Dreher's take on the controversy is titled, "Trump Is More In Touch Than You Think," and relies on recent polling to support this analysis. Here are his conclusions: 

  • The news media have been seriously distorting public reaction to Trump’s handling of Charlottesville. Whether this is a matter of only seeing what they want to see, or a matter of the talking heads being concentrated among coastal elites of both parties, is a matter of conjecture. True, a slight majority of Americans think Trump didn’t go far enough, but judging from the coverage and commentary, you would have thought at Charlottesville, Trump met his Waterloo. It didn’t happen. Charlottesville is not nearly a big a deal to Americans as it is to the media and coastal elites. 
  • Trump’s disapproval rating is very high, but Charlottesville didn’t really move the needle. And he’s kept his base. 
  • Continuing to attack Confederate statues is a big loser for Democrats and liberals. A strong majority of Americans favors keeping them standing. Only liberals want to see them go. When even 44 percent of African-Americans favor leaving the statues alone, the take-them-down faction of the Left has a serious echo chamber problem. 
  • This is likely to cause them to seriously overreach. If Democrats and liberals only pay attention to the media and to each other on the statue debate, they are going to alienate a lot of people. The hostile media environment has made it very difficult for anybody to speak up for keeping the statues, even though that is a majority opinion in America. So people will keep that opinion to themselves. 
  • In turn, they may very well stew on it, angry at the liberal gatekeepers of respectable opinion either not caring about their opinion, or shutting them down as racists. 
  • Do not underestimate the power of cultural symbols to drive voter behavior. 
  • Americans have no trouble condemning white supremacists and the far right, while at the same time supporting the statues. Americans probably do not believe they are racist for wanting the statues to remain in place. 
  • Charlottesville was the first time most Americans will have been introduced to both Antifa and the Alt-Right. 
  • Trump remains an extremely divisive figure. For any Commander in Chief, the idea that six out of 10 Americans do not trust your leadership in an international crisis is potentially destabilizing. 
  • And, it’s telling that younger voters are half as likely to back Trump’s handling of Charlottesville than older voters. This is not terribly surprising, but it points to long-term problems the GOP faces reaching the young after Trump departs the scene. One way or another, Trump will leave a strong legacy when his presidency ends — one that the Republican Party will be dealing with for a long time.
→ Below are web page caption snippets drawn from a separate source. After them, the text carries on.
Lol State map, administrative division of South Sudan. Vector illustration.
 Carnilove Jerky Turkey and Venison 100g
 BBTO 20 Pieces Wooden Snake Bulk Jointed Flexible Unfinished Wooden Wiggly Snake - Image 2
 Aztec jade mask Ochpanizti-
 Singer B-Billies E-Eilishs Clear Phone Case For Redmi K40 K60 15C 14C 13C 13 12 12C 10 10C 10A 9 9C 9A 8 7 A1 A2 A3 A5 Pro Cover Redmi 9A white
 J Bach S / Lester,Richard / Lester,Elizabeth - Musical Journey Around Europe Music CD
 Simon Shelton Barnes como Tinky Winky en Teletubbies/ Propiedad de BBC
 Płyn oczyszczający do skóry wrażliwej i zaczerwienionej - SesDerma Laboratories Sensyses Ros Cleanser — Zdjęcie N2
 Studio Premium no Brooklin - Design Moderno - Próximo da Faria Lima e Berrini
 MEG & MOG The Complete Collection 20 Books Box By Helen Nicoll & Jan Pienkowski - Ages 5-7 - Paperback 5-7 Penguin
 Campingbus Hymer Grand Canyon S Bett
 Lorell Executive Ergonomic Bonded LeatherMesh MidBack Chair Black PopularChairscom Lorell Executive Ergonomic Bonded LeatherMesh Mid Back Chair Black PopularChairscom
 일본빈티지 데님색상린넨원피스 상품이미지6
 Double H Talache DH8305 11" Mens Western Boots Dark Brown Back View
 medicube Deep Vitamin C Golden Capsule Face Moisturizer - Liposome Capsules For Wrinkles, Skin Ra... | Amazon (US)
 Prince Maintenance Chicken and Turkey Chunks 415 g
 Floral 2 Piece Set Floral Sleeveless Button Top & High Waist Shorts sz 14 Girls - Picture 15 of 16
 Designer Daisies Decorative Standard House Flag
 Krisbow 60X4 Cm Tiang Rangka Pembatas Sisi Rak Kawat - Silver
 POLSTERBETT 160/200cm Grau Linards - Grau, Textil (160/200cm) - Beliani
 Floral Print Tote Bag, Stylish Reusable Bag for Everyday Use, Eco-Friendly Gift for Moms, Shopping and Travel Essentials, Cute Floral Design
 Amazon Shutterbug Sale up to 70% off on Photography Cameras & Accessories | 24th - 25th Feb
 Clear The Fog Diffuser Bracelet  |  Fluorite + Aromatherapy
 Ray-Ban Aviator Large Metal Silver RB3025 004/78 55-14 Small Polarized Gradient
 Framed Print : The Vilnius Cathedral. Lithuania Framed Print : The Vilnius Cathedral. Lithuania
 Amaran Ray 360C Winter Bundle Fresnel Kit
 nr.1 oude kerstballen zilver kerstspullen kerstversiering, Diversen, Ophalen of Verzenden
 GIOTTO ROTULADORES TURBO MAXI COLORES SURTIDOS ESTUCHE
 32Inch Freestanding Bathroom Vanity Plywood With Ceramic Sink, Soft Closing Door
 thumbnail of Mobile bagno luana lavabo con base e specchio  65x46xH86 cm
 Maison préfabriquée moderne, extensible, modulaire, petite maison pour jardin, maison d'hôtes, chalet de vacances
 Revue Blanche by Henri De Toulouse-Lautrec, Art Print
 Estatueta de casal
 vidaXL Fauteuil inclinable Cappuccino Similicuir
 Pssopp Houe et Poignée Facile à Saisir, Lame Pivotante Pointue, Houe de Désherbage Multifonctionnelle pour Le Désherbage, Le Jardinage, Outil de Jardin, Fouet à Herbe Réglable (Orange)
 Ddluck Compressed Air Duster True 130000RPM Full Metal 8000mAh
Having now read Dreher (and the other commentary published by The American Conservative), I wish Dreher would have taken his own advice, and sought a "withdrawal from the mainstream." I think there is significant truth in Dreher's suggestion that the public doesn't want to promote the kind of social and political division that gave us Charlottesville. Instead of trying to calm the waters, however, Dreher's comments are fanning the flames of further division. 

To get back to that "rainbow" metaphor I talked about yesterday, it doesn't help for Dreher to promote never before defined oppositional groups (the so-called "alt-right" and the "antifa"), as Dreher does, as a way to help sharpen divisions that may not even exist, as the polling he cites apparently indicates. What Dreher and The American Conservative are doing will lead us further and further from what Martin Luther King, Jr. used to call "the beloved community."

That's where we should be heading. 

You can even call it the "Benedict Option" if that makes you feel better.